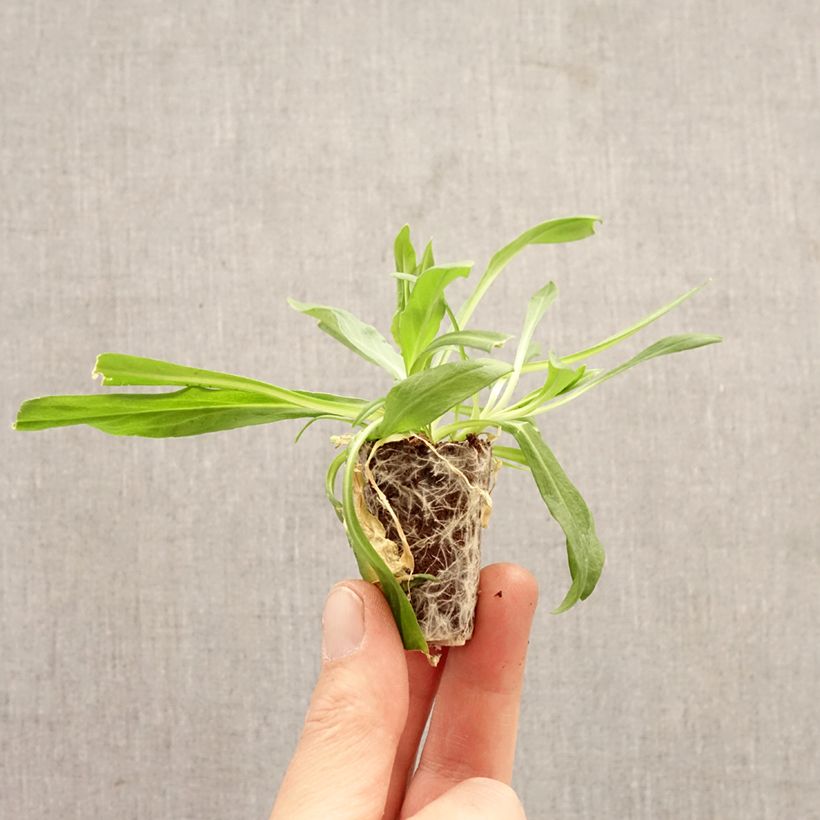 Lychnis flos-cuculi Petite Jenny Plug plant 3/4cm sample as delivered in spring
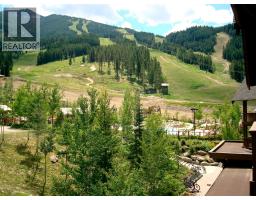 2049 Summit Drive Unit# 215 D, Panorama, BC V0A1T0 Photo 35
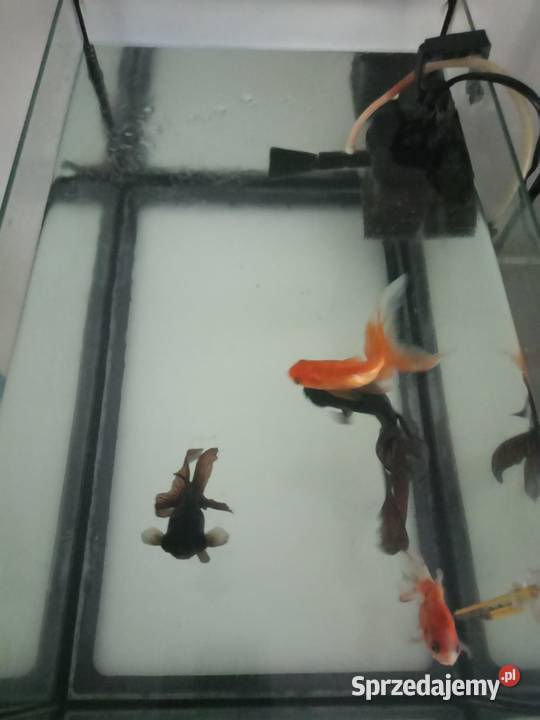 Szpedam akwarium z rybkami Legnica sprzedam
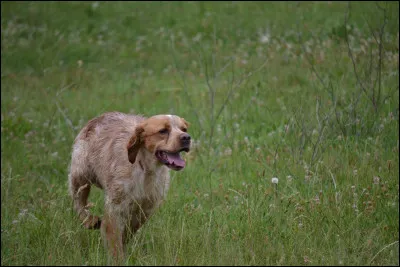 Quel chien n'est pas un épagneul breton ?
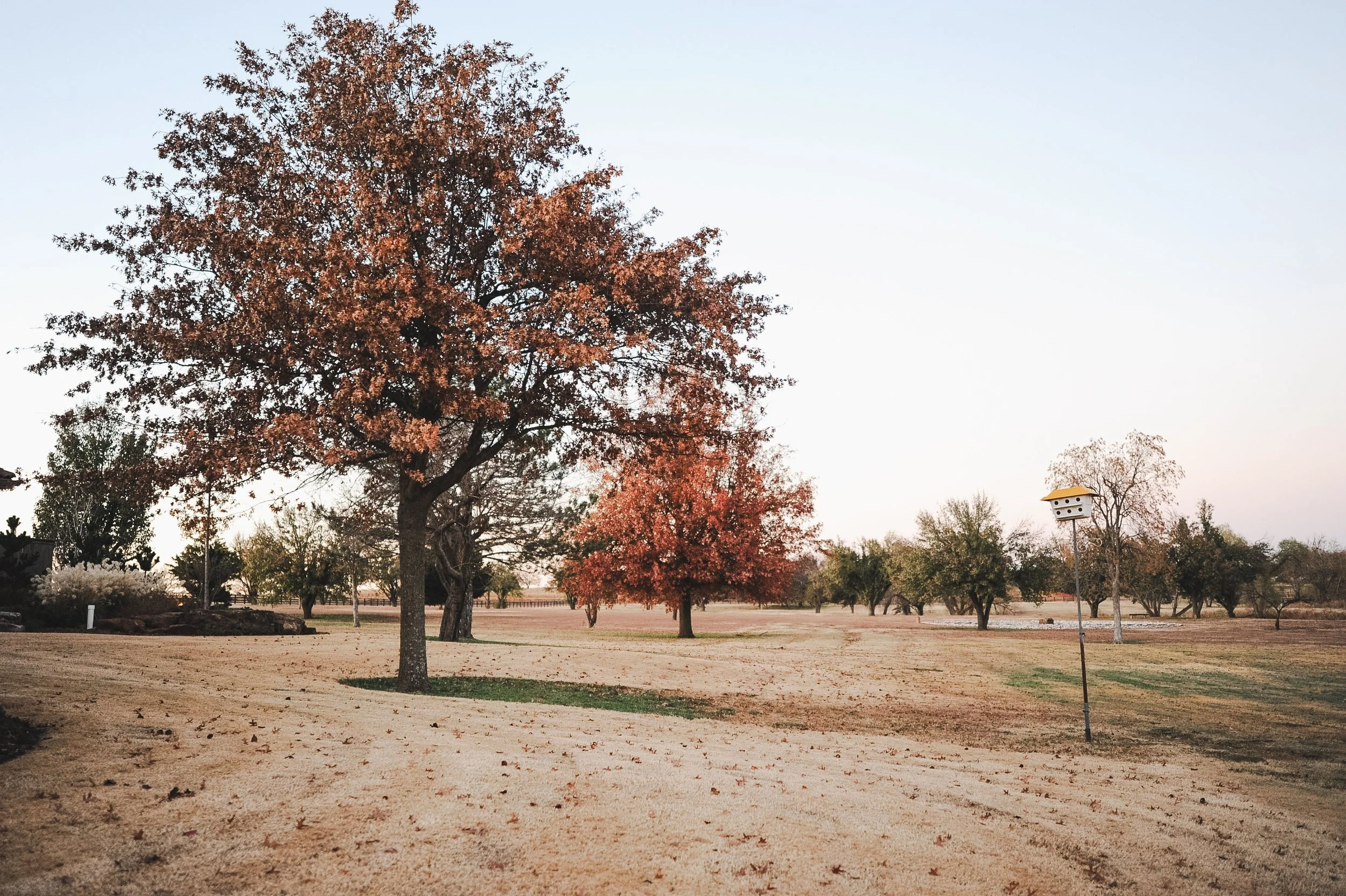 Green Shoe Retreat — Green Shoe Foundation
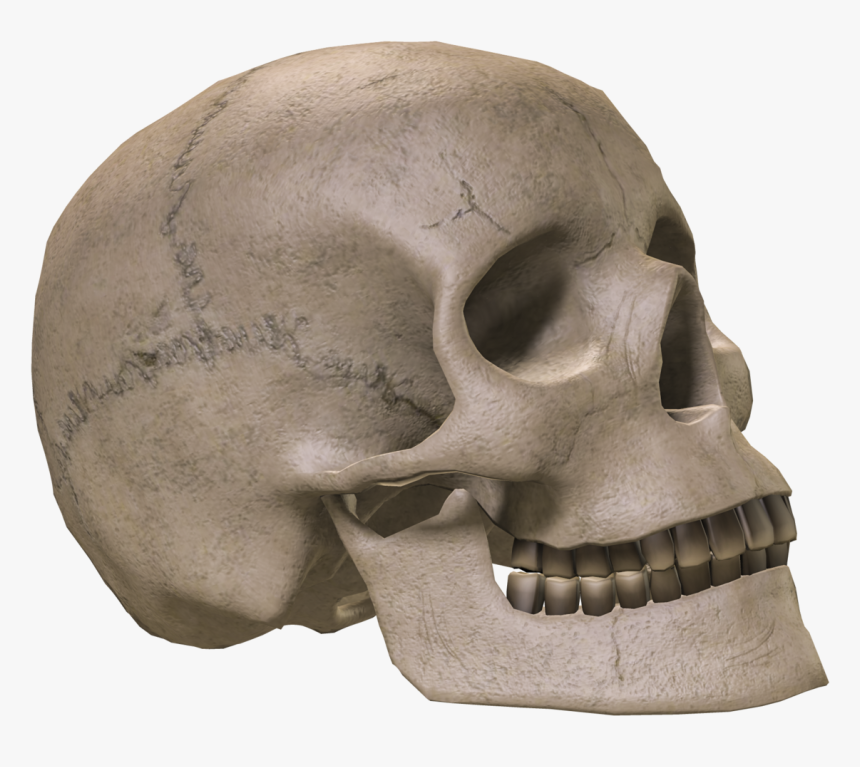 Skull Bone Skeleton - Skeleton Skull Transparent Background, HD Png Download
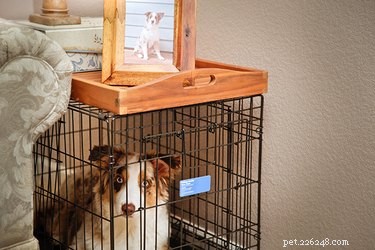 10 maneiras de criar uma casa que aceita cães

****

§ EXERCISE AIM: The last line of the entries marks the end, and the line with "2049 Summit Drive" marks the start. Output exactly those two lines and every line between them, nothing else, with the pictures left out.

§ TASK OUTPUT:
 2049 Summit Drive Unit# 215 D, Panorama, BC V0A1T0 Photo 35
 Szpedam akwarium z rybkami Legnica sprzedam
 Quel chien n'est pas un épagneul breton ?
 Green Shoe Retreat — Green Shoe Foundation
 Skull Bone Skeleton - Skeleton Skull Transparent Background, HD Png Download
 10 maneiras de criar uma casa que aceita cães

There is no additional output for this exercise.